October 31st, 2011, was a "teachable" moment, one of those moments that come so infrequently that they must therefore be seized and exploited to the fullest extent to increase public awareness. That was the day that, according to demographers, we reached an awful milestone, the day that our species became 7 billion in number. If you expected David Suzuki to use that event to highlight the problem of overpopulation, your expectations would have been cruelly dashed. Dr. Suzuki instead chose to spout the Monbiot line. Overpopulation is not the problem, you see. Its overconsumption by you know who.

Suzuki Repeats The Monbiot line

This article is for Suzuki-cultists who have been trying to tell me that finally The Great Man "gets it", that underneath it all, he really does understand that overpopulation is a key driver of our predicament. Wrong. He is a unreconstructed Monbiotist pure and simple. October 31, 2011 was arguably the most significant day in human history, the day we reached the 7 billion population mark. That was the day for Dr. Suzuki to step up to the plate and talk about overpopulation. Instead, he chose to repeat the tired old party line of soft green environmentalism and Hartmanite feminism. Next time greens want us to join their parade on climate change, keep that in mind. http://www.straight.com/article-519421/vancouver/david-suzuki-overconsumption-not-overpopulation-biggest-problem

Try this experiment. Phone his foundation and ask why they don't devote space to population issues. The answer I got was "We don't have the resources to deal with it." The David Suzuki Foundation is purported to have a $7 million annual budget. One would think that they could find a few bucks to bang the population drum, but then again, that would scare away a good part of their donor base, a base that includes the Royal Bank of Canada, Encana natural gas, and American corporations with commercial motives to shut down their Canadian competition.

As Steve Kurtz, a long-time population activist in Ottawa----now a resident of the United States---remarked: "He suckered me when I read some interviews or articles during the past year. But I won't be fooled again." Suzuki is good at customizing his interviews according to what he thinks that particular audience wants to hear. If an Australian audience wants to hear that Australia is overpopulated, he will tell them so---as he has. But we will not get on the CBC and tell Canadians that Canada is overpopulated, as he has done in more cloistered quarters or while overseas. Yet his fawning fan club in CBC-land lauds him as a man of integrity and courage, and the Great Canadian Myth persists, a myth swallowed whole by adoring fans in Australia, America and across the world.

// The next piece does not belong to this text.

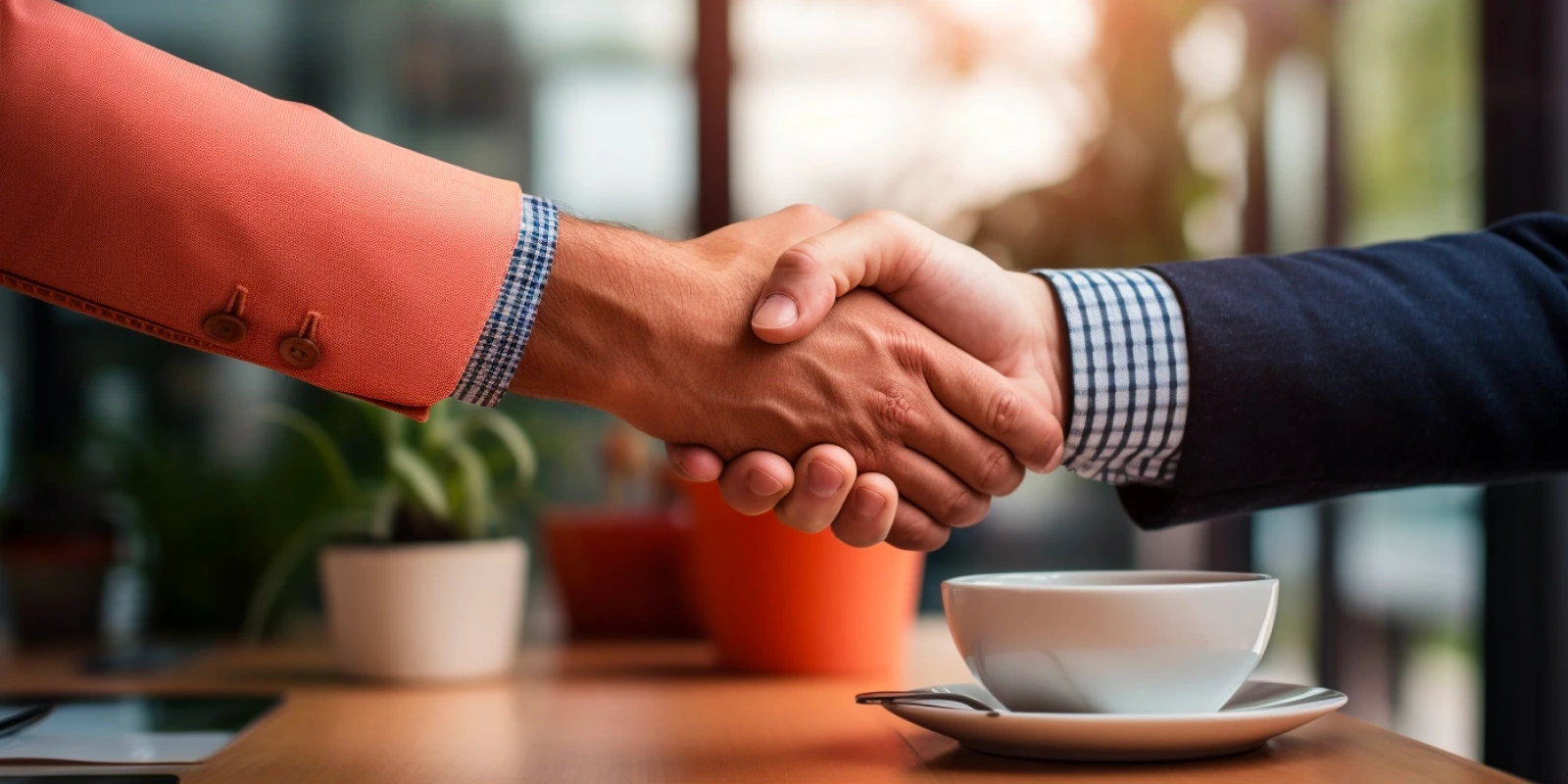 Prospecção de clientes: duas pessoas apertando as mãos em um ambiente de cafeteria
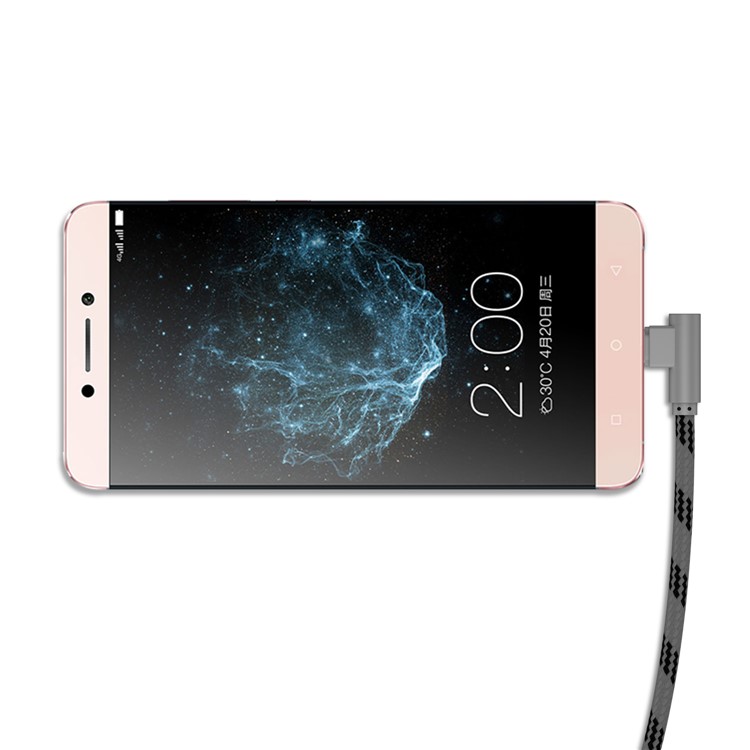 90 Degree Angle 1m Fabric Braided USB Type-C Data Sync Charge Cable - Black-2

Don' t Choose Fake Environmentalists For Heroes

Suzuki and the environmentalists are a waste of time. For them, the "P" in IPAT is a sop thrown out to appease our sensibilities, an inconsequential nuisance that they have to deal with but wished they didn't. Window-dressing. If you need to worship a Canadian environmental hero, try world-acclaimed wildlife artist Robert Bateman or Captain Paul Watson. Both of these men are aware of the 'raging monster' of human overpopulation and not afraid to say that it is running amok right here in Canada. To my knowledge, they are the only Canadian celebrities on the landscape who deserve to be called 'environmentalists'. As the term is presently used, an environmentalist is someone who attempts to manage the environment to accommodate relentless population growth, while a Malthusian would attempt to reverse population growth to accommodate the environment. Environmentalists---so-called---are essentially "growth-managers", not growth-stoppers.

By the way, if you want to understand the impact of overpopulation on biodiversity, take a look at Dave Foreman's latest book, "Man Swarm". This is what people like Suzuki, Monbiot and McKibben need to talk about----especially on days that have great demographic significance.

Measuring The Suzuki Legacy

If you want a measure of the Suzuki legacy, try to understand what impact he has had in shaping the mind-set of environmentally conscious people in his own community (mine). The Sierra Club here is a dominant force in this area, and conducts lectures and film nights through-out the year to "raise" our consciousness. They have a monopoly on the environmental conversation, and David Suzuki is a central figure in their pantheon. On one cold day in December of 2009, a cluster of local Sierra Club members stood in the parking lot of the village shopping centre with placards demanding meaningful action at the Copenhagen meeting on climate change. Their signs carried phrases like "Stop at 350" and "Stop Global Warming". Good on them to give up a weekend afternoon to make a statement about our environmental crisis. But on October 31st of this year, they were nowhere to be seen.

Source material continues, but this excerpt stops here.